#### RECORDED INFORMATION
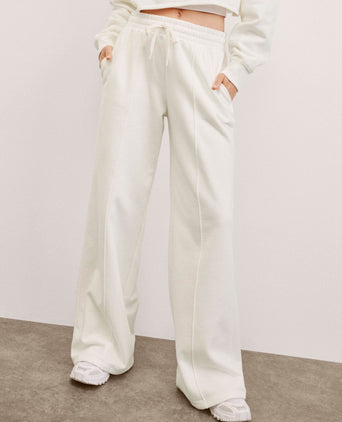 LuxeFleece Pintuck Wide Leg Pant - Fresh Snow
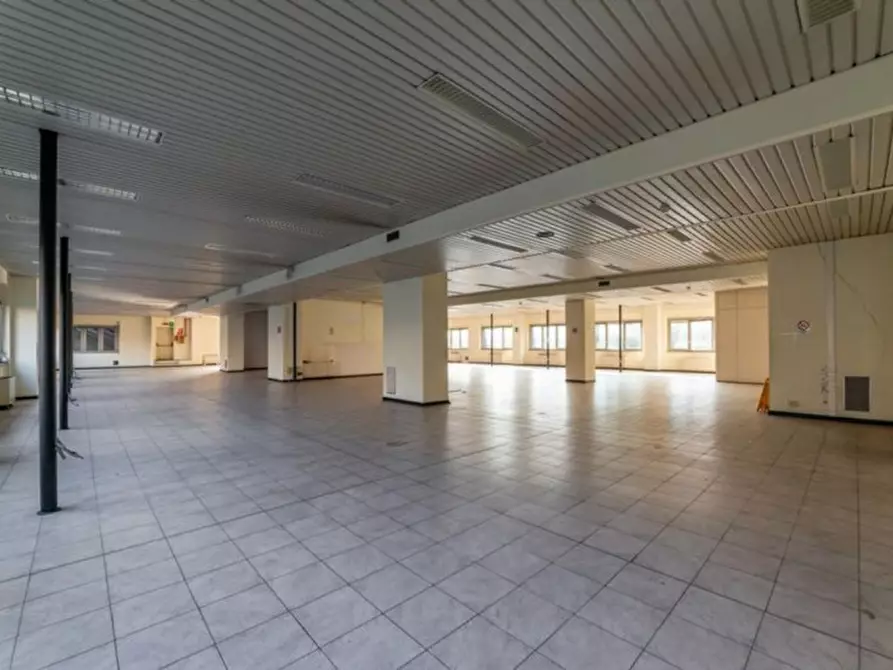 Immagine 21 di Ufficio in vendita  in Via Igualada, 8, 23900 Lecco LC, Italia a Lecco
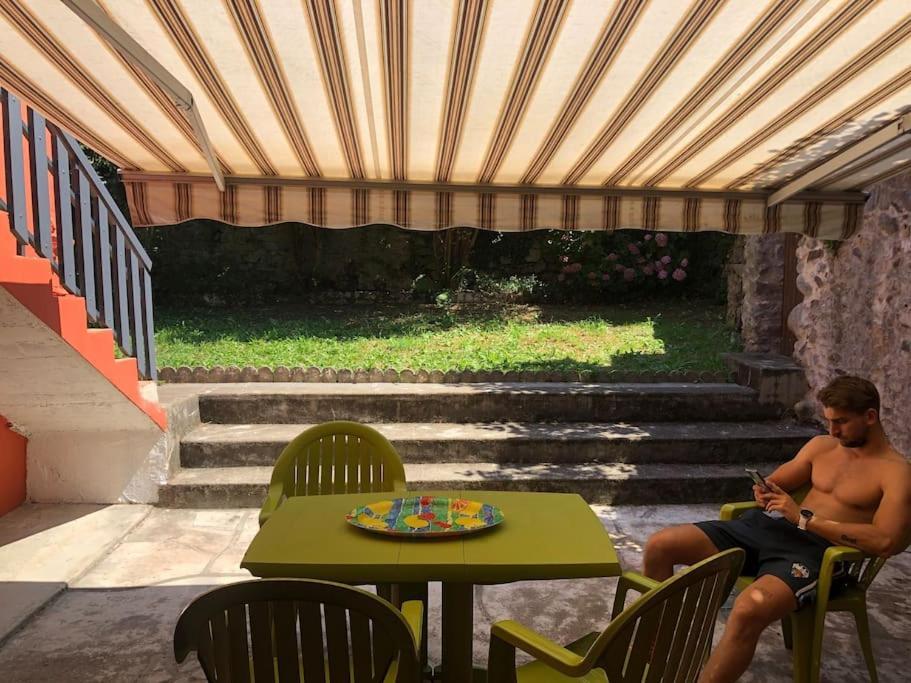 Joli Appartement Avec Terrasse Et Jardin - Vue Sur Montagne Bagnères-de-Bigorre Εξωτερικό φωτογραφία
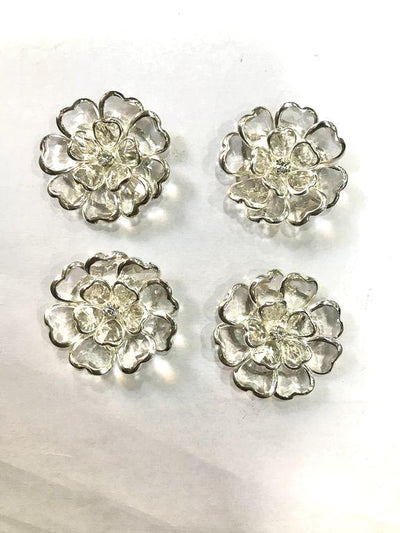 plastic-flowers-with-petals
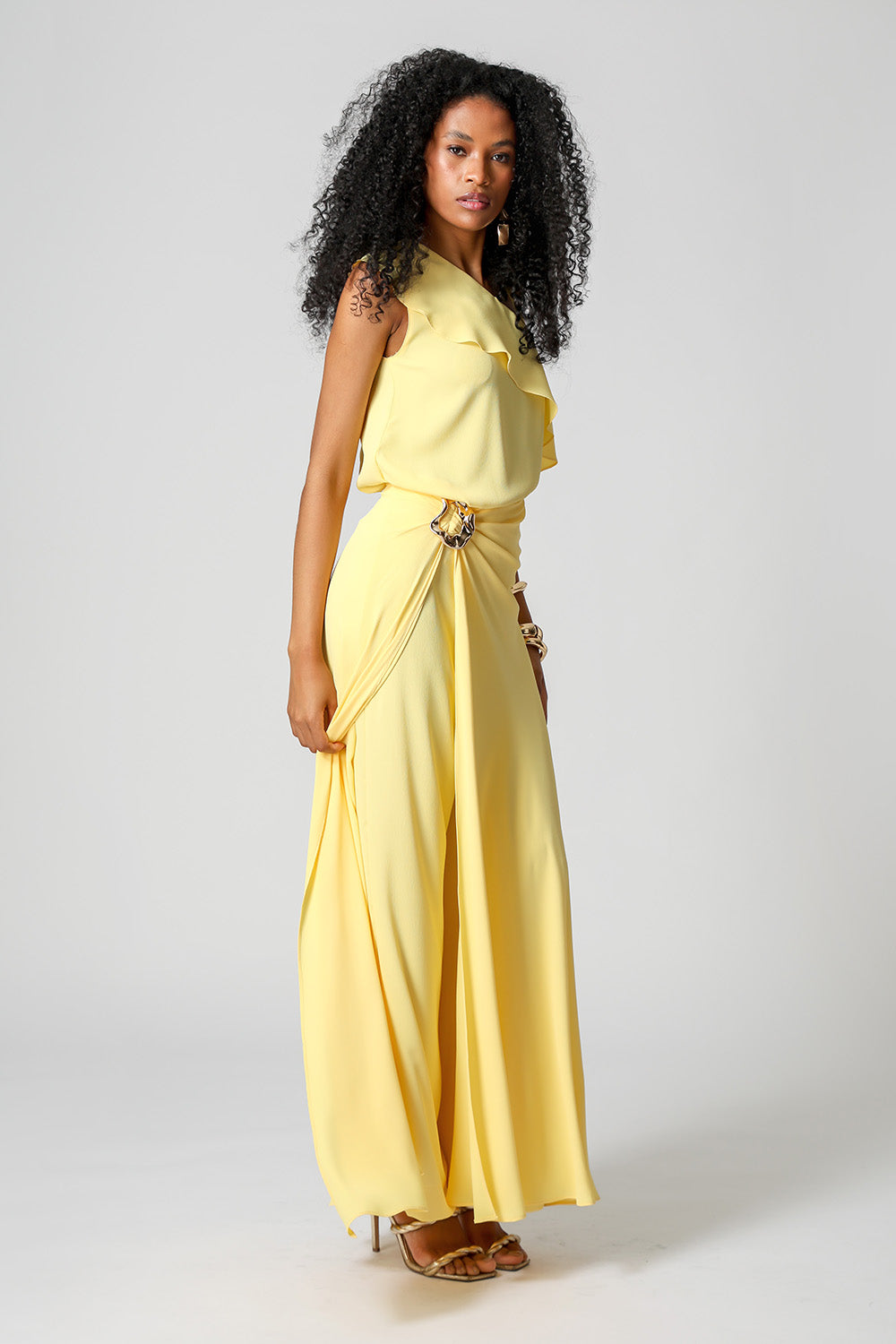 AMARELO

#### EXERCISE OBJECTIVE
The whole listing above must be duplicated word for word, apart from its pictures.

#### REPLY
 LuxeFleece Pintuck Wide Leg Pant - Fresh Snow
 Immagine 21 di Ufficio in vendita  in Via Igualada, 8, 23900 Lecco LC, Italia a Lecco
 Joli Appartement Avec Terrasse Et Jardin - Vue Sur Montagne Bagnères-de-Bigorre Εξωτερικό φωτογραφία
 plastic-flowers-with-petals
 AMARELO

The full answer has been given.